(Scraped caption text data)

—————

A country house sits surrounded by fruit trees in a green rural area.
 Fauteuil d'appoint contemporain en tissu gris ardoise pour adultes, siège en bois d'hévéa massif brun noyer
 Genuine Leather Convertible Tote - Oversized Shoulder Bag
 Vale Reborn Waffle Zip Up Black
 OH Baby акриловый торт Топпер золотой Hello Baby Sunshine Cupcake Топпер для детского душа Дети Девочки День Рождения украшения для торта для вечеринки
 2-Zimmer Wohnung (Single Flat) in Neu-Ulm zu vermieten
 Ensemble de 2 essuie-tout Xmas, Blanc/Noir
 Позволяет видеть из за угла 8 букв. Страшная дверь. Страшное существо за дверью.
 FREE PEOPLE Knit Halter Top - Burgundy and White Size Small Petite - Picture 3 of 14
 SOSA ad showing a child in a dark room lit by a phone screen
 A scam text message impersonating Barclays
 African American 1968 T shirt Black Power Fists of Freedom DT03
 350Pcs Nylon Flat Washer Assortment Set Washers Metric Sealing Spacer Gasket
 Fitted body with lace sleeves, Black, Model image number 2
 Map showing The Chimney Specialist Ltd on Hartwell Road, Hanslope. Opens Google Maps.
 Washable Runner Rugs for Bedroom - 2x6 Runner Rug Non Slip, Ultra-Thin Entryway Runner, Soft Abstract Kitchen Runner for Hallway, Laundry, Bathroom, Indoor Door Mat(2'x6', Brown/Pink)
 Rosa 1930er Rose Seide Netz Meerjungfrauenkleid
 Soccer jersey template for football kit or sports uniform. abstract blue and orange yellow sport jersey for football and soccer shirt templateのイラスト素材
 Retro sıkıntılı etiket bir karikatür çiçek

—————

**Instructions to follow**
In the records above, find every line containing the word "showing" and show it.

**Answer for this exercise**
 SOSA ad showing a child in a dark room lit by a phone screen
 Map showing The Chimney Specialist Ltd on Hartwell Road, Hanslope. Opens Google Maps.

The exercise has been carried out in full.